About this task: All of the entries below need to be repeated exactly.

##########

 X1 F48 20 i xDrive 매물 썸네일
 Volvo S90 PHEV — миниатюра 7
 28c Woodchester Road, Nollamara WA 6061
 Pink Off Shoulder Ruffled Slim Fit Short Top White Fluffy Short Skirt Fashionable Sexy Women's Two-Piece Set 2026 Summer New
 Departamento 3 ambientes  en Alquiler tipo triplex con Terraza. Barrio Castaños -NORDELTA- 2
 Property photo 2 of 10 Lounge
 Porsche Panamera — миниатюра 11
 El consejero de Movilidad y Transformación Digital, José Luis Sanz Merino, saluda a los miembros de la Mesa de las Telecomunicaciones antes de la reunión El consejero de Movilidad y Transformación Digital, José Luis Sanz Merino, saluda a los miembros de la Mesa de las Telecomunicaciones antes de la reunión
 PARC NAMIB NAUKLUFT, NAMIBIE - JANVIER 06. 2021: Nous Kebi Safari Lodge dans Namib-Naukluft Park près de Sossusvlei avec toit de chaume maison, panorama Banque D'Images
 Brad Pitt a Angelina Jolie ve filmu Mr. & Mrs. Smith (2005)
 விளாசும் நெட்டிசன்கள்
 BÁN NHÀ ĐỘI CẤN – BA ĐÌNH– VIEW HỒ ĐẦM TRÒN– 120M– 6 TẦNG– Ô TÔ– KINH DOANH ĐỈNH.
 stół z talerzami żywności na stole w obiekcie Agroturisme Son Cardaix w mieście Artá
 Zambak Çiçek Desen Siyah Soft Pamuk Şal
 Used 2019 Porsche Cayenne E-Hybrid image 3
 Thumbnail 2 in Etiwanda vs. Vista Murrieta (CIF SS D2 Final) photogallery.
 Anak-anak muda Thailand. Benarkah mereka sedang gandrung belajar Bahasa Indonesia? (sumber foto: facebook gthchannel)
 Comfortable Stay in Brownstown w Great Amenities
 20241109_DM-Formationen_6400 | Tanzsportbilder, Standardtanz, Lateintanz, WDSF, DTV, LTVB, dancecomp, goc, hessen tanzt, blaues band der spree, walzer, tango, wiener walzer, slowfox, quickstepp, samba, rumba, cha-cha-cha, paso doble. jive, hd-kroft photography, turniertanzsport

##########

Written response:
 X1 F48 20 i xDrive 매물 썸네일
 Volvo S90 PHEV — миниатюра 7
 28c Woodchester Road, Nollamara WA 6061
 Pink Off Shoulder Ruffled Slim Fit Short Top White Fluffy Short Skirt Fashionable Sexy Women's Two-Piece Set 2026 Summer New
 Departamento 3 ambientes  en Alquiler tipo triplex con Terraza. Barrio Castaños -NORDELTA- 2
 Property photo 2 of 10 Lounge
 Porsche Panamera — миниатюра 11
 El consejero de Movilidad y Transformación Digital, José Luis Sanz Merino, saluda a los miembros de la Mesa de las Telecomunicaciones antes de la reunión El consejero de Movilidad y Transformación Digital, José Luis Sanz Merino, saluda a los miembros de la Mesa de las Telecomunicaciones antes de la reunión
 PARC NAMIB NAUKLUFT, NAMIBIE - JANVIER 06. 2021: Nous Kebi Safari Lodge dans Namib-Naukluft Park près de Sossusvlei avec toit de chaume maison, panorama Banque D'Images
 Brad Pitt a Angelina Jolie ve filmu Mr. & Mrs. Smith (2005)
 விளாசும் நெட்டிசன்கள்
 BÁN NHÀ ĐỘI CẤN – BA ĐÌNH– VIEW HỒ ĐẦM TRÒN– 120M– 6 TẦNG– Ô TÔ– KINH DOANH ĐỈNH.
 stół z talerzami żywności na stole w obiekcie Agroturisme Son Cardaix w mieście Artá
 Zambak Çiçek Desen Siyah Soft Pamuk Şal
 Used 2019 Porsche Cayenne E-Hybrid image 3
 Thumbnail 2 in Etiwanda vs. Vista Murrieta (CIF SS D2 Final) photogallery.
 Anak-anak muda Thailand. Benarkah mereka sedang gandrung belajar Bahasa Indonesia? (sumber foto: facebook gthchannel)
 Comfortable Stay in Brownstown w Great Amenities
 20241109_DM-Formationen_6400 | Tanzsportbilder, Standardtanz, Lateintanz, WDSF, DTV, LTVB, dancecomp, goc, hessen tanzt, blaues band der spree, walzer, tango, wiener walzer, slowfox, quickstepp, samba, rumba, cha-cha-cha, paso doble. jive, hd-kroft photography, turniertanzsport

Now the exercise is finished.